Then use the tech that is easiest and fastest to you. I find that the Gnome 2 environment supports my work the best. I find windows handles my corporate groupware the best. I find that Apple handles my leisure the best. The only real annoyance I face when mixing the three is that Outlook likes to play character encoding tricks, replacing tab with space and hyphen with period when I cut and paste between my groupware box and my linux box.

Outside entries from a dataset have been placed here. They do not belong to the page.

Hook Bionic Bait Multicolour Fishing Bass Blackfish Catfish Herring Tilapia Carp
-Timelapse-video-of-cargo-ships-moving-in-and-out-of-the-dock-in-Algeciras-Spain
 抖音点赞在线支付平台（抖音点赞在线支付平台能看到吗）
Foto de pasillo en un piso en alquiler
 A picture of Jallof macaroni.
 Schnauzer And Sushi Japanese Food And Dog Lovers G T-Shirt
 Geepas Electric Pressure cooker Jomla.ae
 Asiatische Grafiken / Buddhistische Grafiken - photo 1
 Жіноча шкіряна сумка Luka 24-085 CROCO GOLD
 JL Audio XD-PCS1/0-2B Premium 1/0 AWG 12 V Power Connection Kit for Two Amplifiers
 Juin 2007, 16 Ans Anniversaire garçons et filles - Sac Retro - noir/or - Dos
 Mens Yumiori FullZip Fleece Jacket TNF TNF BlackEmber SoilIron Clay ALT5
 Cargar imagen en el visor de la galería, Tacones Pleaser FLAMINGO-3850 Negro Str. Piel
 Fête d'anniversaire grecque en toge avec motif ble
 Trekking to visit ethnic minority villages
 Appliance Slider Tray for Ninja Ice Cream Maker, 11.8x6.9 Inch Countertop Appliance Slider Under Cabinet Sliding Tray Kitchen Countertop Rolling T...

We all like to brag about our tech being the best. We all have stories about how our choice made things better than someone else's. Truth be told, it's all crap. Apple, Linux, Windows.... All crap. It's funny how we fool ourselves into thinking that our turd somehow smells better than others. Then we conduct intricate benchmarks and comparisons of rasterized 3D scenes as if rasterization will mean something a decade from now. I'm sure that early industrialists did the same with steam engines via graphs of torque at different RPMs versus temperature and pressure, versus how many dinosaur turds you can fit into the furnace, as if the perfect steam engine was going to change the world any more than the mediocre ones did.
I've always felt that Linux would be the launchpad for whatever comes next. It could be the foundation for the next big technological advancement. People seem so concerned with making it outperform Windows/Mac that they've lost sight of the goal. Stop competing with Windows. Stop competing with Mac. Stop trying to build a better steam engine. In other words, "Fuck Nvidia".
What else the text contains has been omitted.